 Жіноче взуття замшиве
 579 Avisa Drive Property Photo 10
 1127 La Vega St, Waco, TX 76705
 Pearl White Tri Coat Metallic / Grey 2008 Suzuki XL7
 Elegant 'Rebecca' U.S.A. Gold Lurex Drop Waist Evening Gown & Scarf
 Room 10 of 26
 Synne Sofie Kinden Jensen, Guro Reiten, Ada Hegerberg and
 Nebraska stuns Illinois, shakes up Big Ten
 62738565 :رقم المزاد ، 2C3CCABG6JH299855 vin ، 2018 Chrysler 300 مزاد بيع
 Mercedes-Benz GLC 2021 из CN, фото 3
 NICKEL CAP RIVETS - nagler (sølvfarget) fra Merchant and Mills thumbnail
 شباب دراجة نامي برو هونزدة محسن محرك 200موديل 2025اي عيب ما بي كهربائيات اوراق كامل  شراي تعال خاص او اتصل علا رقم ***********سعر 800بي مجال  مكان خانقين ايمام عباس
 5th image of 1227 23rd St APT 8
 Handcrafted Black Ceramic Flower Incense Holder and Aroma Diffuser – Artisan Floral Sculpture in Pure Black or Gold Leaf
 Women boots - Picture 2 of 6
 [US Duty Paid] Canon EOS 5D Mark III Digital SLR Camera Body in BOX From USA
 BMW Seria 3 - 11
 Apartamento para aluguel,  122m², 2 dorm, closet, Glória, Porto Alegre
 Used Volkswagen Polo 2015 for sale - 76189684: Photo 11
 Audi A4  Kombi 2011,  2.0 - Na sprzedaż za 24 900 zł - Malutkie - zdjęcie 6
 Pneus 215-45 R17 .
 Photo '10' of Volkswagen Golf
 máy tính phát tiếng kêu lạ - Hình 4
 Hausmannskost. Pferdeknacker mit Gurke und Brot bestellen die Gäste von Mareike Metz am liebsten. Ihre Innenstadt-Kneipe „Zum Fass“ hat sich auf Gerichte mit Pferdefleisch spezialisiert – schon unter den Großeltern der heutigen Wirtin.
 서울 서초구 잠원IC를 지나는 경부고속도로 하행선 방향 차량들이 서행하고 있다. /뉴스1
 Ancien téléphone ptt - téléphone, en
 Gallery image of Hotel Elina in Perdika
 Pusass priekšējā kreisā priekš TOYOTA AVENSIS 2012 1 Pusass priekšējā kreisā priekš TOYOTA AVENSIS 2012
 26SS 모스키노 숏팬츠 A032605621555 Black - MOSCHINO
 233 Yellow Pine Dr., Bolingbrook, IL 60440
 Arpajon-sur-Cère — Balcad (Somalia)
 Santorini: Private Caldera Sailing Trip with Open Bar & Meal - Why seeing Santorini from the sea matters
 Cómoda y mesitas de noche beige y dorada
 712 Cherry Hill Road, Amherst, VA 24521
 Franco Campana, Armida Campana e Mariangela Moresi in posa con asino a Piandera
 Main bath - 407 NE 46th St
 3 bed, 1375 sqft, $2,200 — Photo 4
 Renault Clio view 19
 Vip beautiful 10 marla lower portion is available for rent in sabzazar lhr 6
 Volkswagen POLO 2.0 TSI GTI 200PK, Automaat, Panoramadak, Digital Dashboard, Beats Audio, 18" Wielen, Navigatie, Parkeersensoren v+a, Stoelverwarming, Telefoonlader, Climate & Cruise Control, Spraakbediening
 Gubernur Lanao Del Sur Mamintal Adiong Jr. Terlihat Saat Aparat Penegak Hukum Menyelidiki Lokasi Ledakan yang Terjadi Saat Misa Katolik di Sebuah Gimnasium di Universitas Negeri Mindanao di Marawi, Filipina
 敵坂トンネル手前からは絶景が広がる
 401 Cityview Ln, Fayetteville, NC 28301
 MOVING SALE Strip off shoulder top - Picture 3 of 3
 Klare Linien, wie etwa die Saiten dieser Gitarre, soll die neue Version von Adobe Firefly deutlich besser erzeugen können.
+===+
> Exercise details: Within the material above, output exactly the lines from the one with "Glória, Porto Alegre" through the one with "Arpajon-sur-Cère — Balcad (Somalia)", end lines included, and nothing besides.

> Exercise answer:
 Apartamento para aluguel,  122m², 2 dorm, closet, Glória, Porto Alegre
 Used Volkswagen Polo 2015 for sale - 76189684: Photo 11
 Audi A4  Kombi 2011,  2.0 - Na sprzedaż za 24 900 zł - Malutkie - zdjęcie 6
 Pneus 215-45 R17 .
 Photo '10' of Volkswagen Golf
 máy tính phát tiếng kêu lạ - Hình 4
 Hausmannskost. Pferdeknacker mit Gurke und Brot bestellen die Gäste von Mareike Metz am liebsten. Ihre Innenstadt-Kneipe „Zum Fass“ hat sich auf Gerichte mit Pferdefleisch spezialisiert – schon unter den Großeltern der heutigen Wirtin.
 서울 서초구 잠원IC를 지나는 경부고속도로 하행선 방향 차량들이 서행하고 있다. /뉴스1
 Ancien téléphone ptt - téléphone, en
 Gallery image of Hotel Elina in Perdika
 Pusass priekšējā kreisā priekš TOYOTA AVENSIS 2012 1 Pusass priekšējā kreisā priekš TOYOTA AVENSIS 2012
 26SS 모스키노 숏팬츠 A032605621555 Black - MOSCHINO
 233 Yellow Pine Dr., Bolingbrook, IL 60440
 Arpajon-sur-Cère — Balcad (Somalia)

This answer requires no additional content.